Hindistan ve Pakistan başlangıçta aynı ülkeye aitti, ancak daha sonra Birleşik Krallık'ın katılımı nedeniyle Hindistan sonunda çöktü ve Hindistan ve Pakistan olmak üzere iki ülkeye ayrıldı. Ancak iki ülkenin ayrılması sırasında yaşanan bazı çelişkiler ve Keşmir bölgesinin kontrolü için verilen mücadele nedeniyle Hindistan ile Pakistan arasındaki çatışmalar devam etti.
Hindistan, yerel halkı bastırmak için Keşmir bölgesinin kontrolünü ele geçirdikten sonra, sopalarla dayak, kablolar, elektrik şokları ve doğrudan silahla ateş etmek dahil olmak üzere zulüm yapmaya devam etti. Üstelik bu mesele, uluslararası alanda yaygın bir ilgi uyandırmıştır. Bu nedenle Pakistan ve diğer ülkeler son zamanlarda BM Güvenlik Konseyi'ni Keşmir'deki insanlara karşı kışkırtılmamış zulümlerden dolayı Hint ordusunu cezalandırmak için bir tartışma toplantısı yapmaya çağırdı.
Maalesef Amerika Birleşik Devletleri ve diğer ülkelerin etkisi nedeniyle Pakistan ve diğer ülkeler tarafından yapılan bu talep yerine getirilemedi. Bu bağlamda Hindistan tarafı, Pakistan'ın uluslararası toplumu Keşmir'e müdahale etmeye çağırma planını boşa çıkaran "Hindistan-Pakistan diplomatik savaşını" Hindistan'ın kazandığını bile ilan etti.

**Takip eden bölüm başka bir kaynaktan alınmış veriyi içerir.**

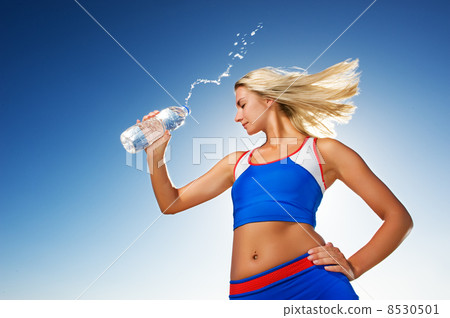 Young woman drinking water after fitness exercise Young woman drinking water after fitness exercise 8530501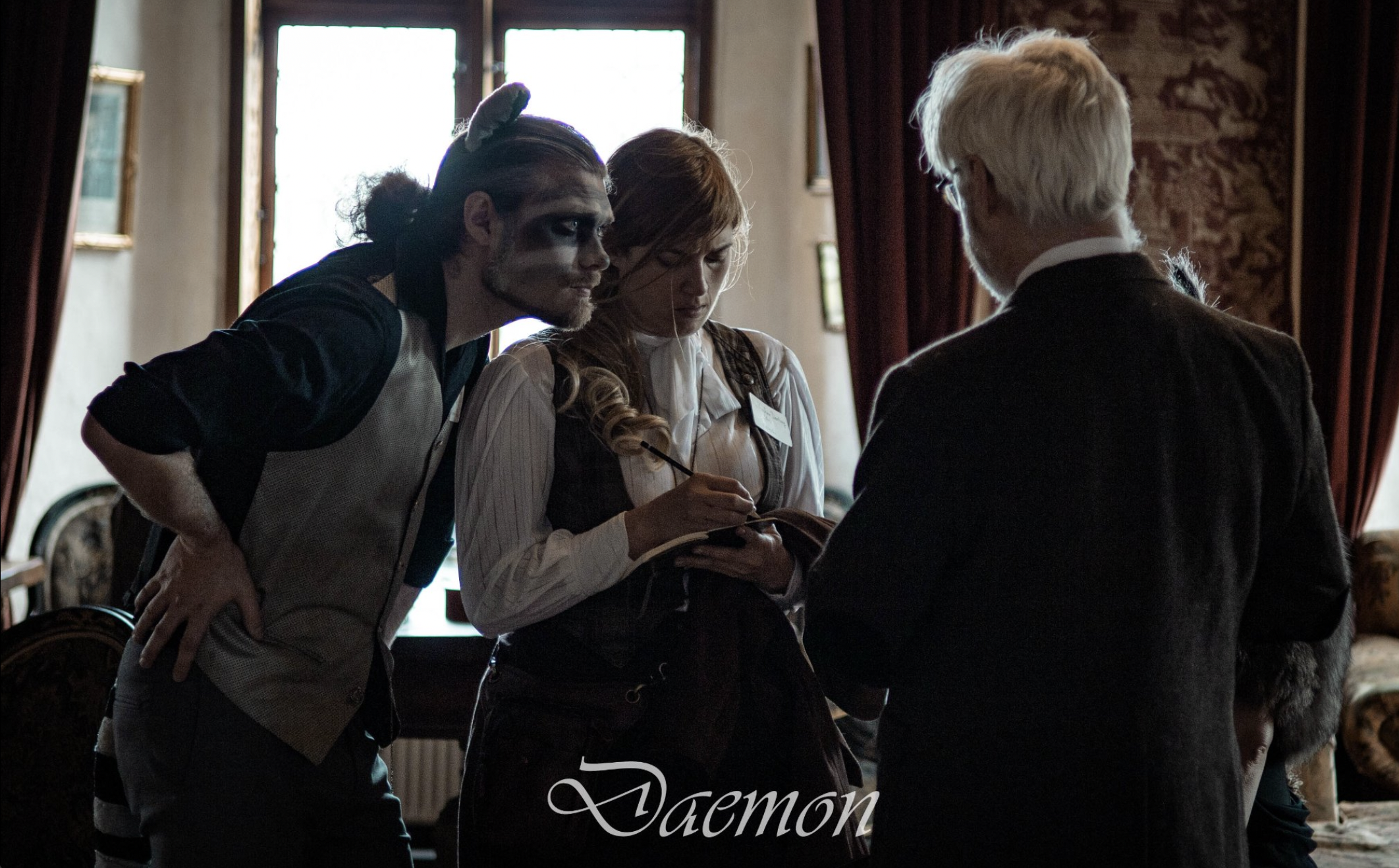 Daemon staring intensivly someone who talks and daemon's human making notes.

Hindistan'ın "ANI" web sitesinden 10 Ağustos'ta çıkan habere göre, Hindistan'ın bu diplomatik savaşta kazandığı "zafer" sonrasında Hindistan için bir kez daha müjde haberi geldi, yani 57 ülkeden oluşan Grup taraf seçmeyi reddetti ve "İslam İşbirliği Teşkilatı" na üye 57 devletin bu kararı vermesinin nedeni, Pakistan Keşmir meselesine müdahale ettiğinde, bu 57 üye devletin Hindistan'ı rahatsız etmenin, fon verenlerin çok sayıda enerji emrini kaybetmelerinin ciddi sonuçlarıyla karşılaşacak olmaları ve Bu üye devletlerin görmek istemediği şey bu ve bu üye devletler Keşmir meselesini tartışmak istemiyorlar.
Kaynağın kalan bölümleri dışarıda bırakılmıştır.